Reimagining Perinatal Mental Health: An Expansive Vision For Structural Change


On its face, perinatal mental health can seem to be a broad term. Yet in practice, it is often shorthand for a specific subset of pregnancy-associated mood and anxiety disorders such as perinatal depression, perinatal obsessive-compulsive disorder, and postpartum psychosis. These diagnoses each capture an aspect of perinatal mental health, but they lack context and overlook the full complexities of pregnant and birthing people’s lived experiences. This narrow scope maintains a distinction between the physiologic and psychosocial aspects of pregnancy, effectively consigning social and emotional perinatal experiences to a highly stigmatized and underresourced arena of health and health care. However, no pregnancy exists in a vacuum—pregnant and birthing people experience and make sense of the perinatal period as it coexists with other parts of their lives. Importantly, physical, emotional, and social processes are co-constitutive. For example, stressful life events degrade physical well-being, and poor health (or health care) experiences can induce posttraumatic stress disorder or other types of anxiety.

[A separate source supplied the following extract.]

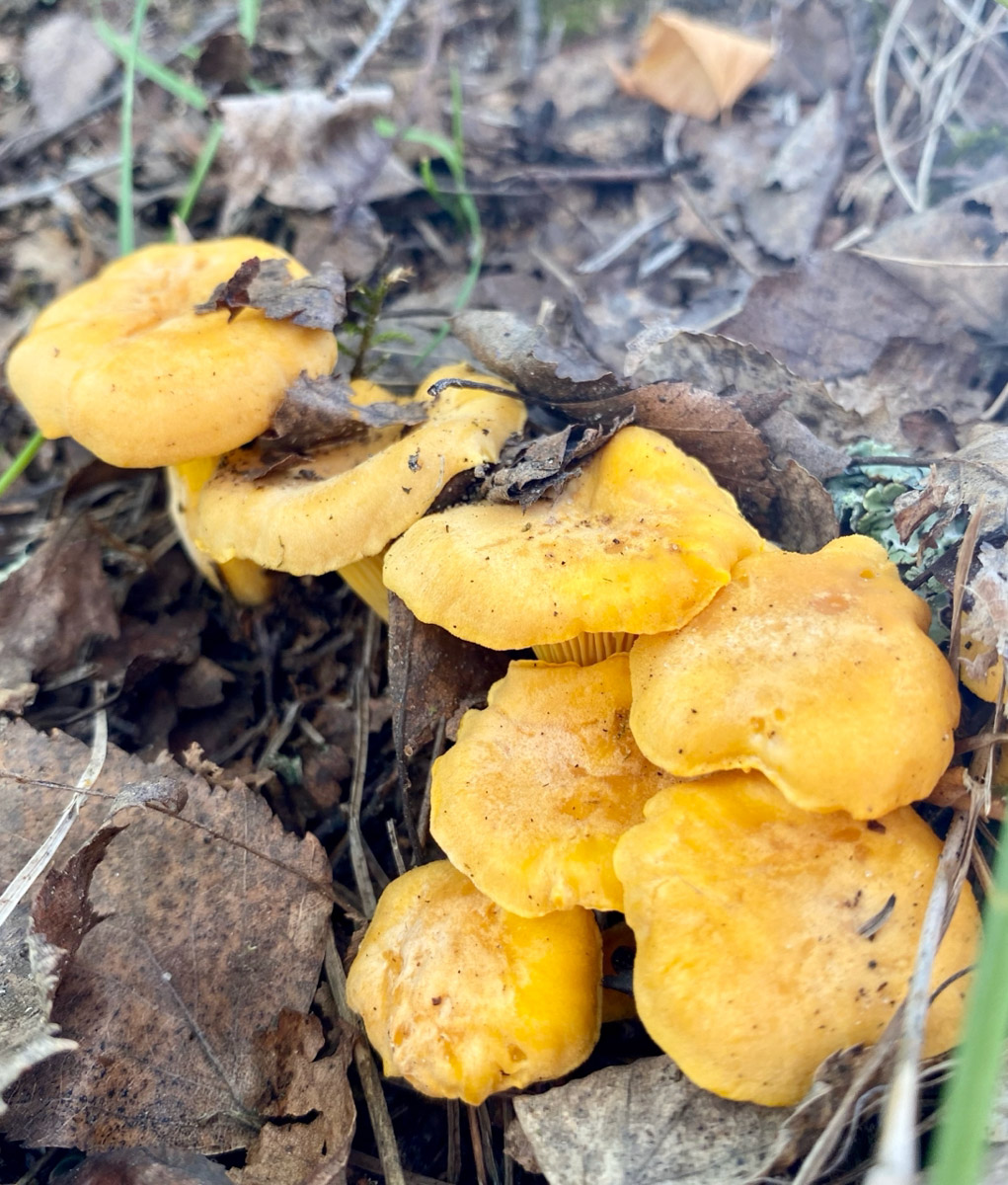 Во Владимирской области настоящий грибной бум! Жители региона делятся в социальных сетях полными корзинками и лукошками. Любителей тихой охоты радуют лисички, подосиновики, маслята, а с недавних пор в рост пошли и белые. Встречаются и совсем редкие экземпляры, например краснокнижные «ведьмины пальцы». «Ключ-Медиа» собрал самые сочные кадры щедрых даров леса.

The interrelated nature of mental, physical, and social health is globally recognized. As defined in the Constitution of the World Health Organization, health is a complete state of biopsychosocial well-being.1 Adequately addressing perinatal mental health, then, requires engaging with the totality of the perinatal experience in ways for which the biomedical orientation of the US health care system is ill equipped. Reorienting care toward a more holistic approach can be effective only if the initial assumptions underpinning how perinatal mental health is conceptualized are critically assessed and reconfigured. The purpose of this commentary is to reimagine perinatal mental health, considering a new paradigm that reorients perinatal health practice and policy toward the holistic well-being of all birthing people and their families.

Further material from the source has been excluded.